This monograph also sublimates a research agenda on invalid voting bringing together the scholarship on elections and social movements, with recent examples in Aron and Superti (Reference Aron and Superti2022) and Lioy (Reference Lioy2024), which connected protest and invalid voting. Beyond these existing works, Cohen convincingly shows that just like protest movements, invalid voting campaigns are successful when they are organized by credible institutionalized actors around a shared grievance. Moreover, they are most efficacious in countries where people have already proven able to use invalid voting as a protest tool in the past. Fundamentally, just like public turmoil in the streets, protest voting is not—and should not be seen as—bad for democracy. Rather, it indicates that people are paying attention and can react quickly when they disapprove of current institutions. Moreover, invalid voting campaigns increase the chance that governments will react to blank and null ballots, connecting them to specific grievances instead of simply ignoring them as insignificant.

Moisés Arce and Takeshi Wada’s Popular Protests and Protest Event Analysis in Latin America (April 2024) has appeared only recently, but it has the potential to rapidly become a reference point for the discipline. It applies the methodology of protest event analysis—see Hutter (Reference Hutter and Porta2014)—to successfully cover a daunting amount of ground. After a technical and theoretical introduction, the book is divided into two macro-sections, where the first focuses on longitudinally tracing the national evolution of protests for a series of countries, and the second casts a narrower gaze at the process of specific protest cycles.
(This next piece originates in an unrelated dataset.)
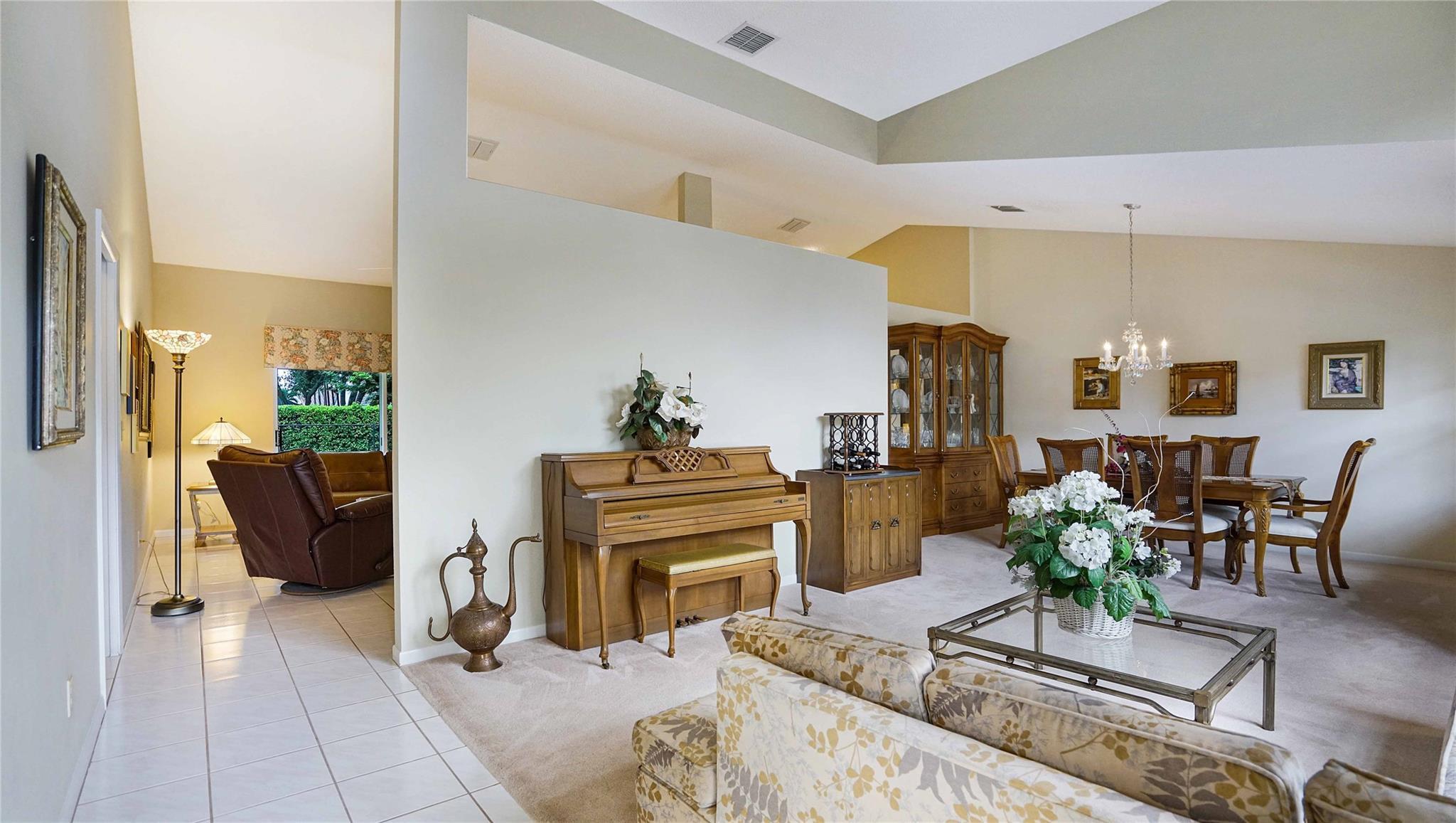 3099 Perriwinkle Circle, Davie, FL 33328 - Photo 4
Wonderfully cohesive for an edited volume, it gathers evidence from a multitude of sources and analyzes it under a unitary methodological umbrella.

For each of the cases, descriptive insight is presented concerning which actors, grievances, actions, targets, and places were involved, keeping the reader close to the same points of interest in each country. It is always possible to jump back and forth and compare two situations at a glance. Across the cases and periods explored, the centrality of the state as the target of popular grievances remains constant and so does protests’ relevance as part of the democratic life of Latin American countries. Yet, the book does not shy away from looking at complex situations such as the contemporary Mexican reality where political protest happens under an increased risk of violence and can be misinterpreted as cartel activity. Even if exceptions do exist, most protests have both a political and a socio-economic core, which can hardly be separated. In fact, it is precisely the meeting point of the two components that allows the expansion of movements.
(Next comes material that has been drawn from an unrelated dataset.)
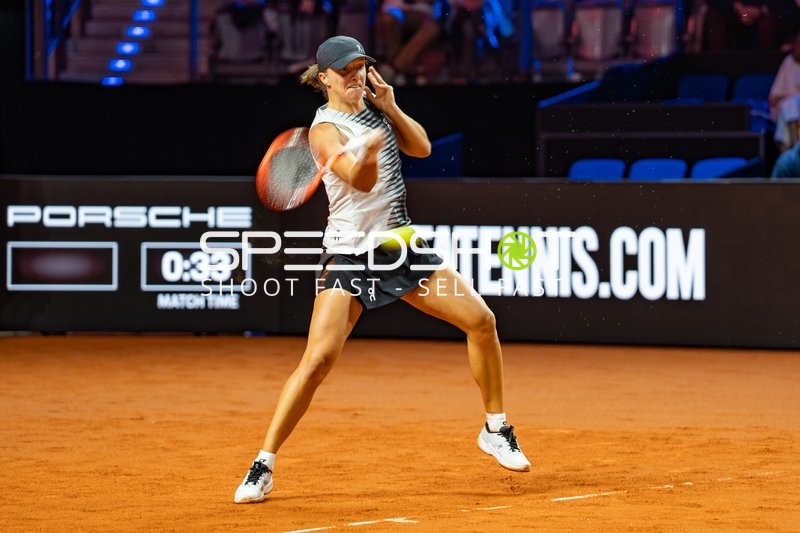 Tennis, Porsche Tennis grand Prix 2026, Porsche-Arena Stuttgart, Laura Siegemund vs. Iga Swiatek, Iga Swiatek POL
Going more into detail, Chapter 7, looking in parallel at Costa Rican and Nicaraguan protests during early neoliberal reform cycles in the early 1990s, is especially successful in its analysis. This is both because of the comparative neglect of these countries within the contemporary protest scholarship and of the integration in one tight treatment of geographical insights, statistical regularities, and historical evidence. Similarly, in Colombia, political protest is a neglected topic, given the prominence that violence has in the scholarship. Here, the trajectory of protests is examined in the long run, showing a peak with the 1999 discussion of the National Development Plan and with the beginning of guerrilla demobilizations in the late 2000s. Finally, in Peru, often considered with Guatemala the best example of a non-party system, where people have no trust in politicians, a repertoire of protests emerged in the early twenty-first century through a significant shift from labor strikes to popular marches.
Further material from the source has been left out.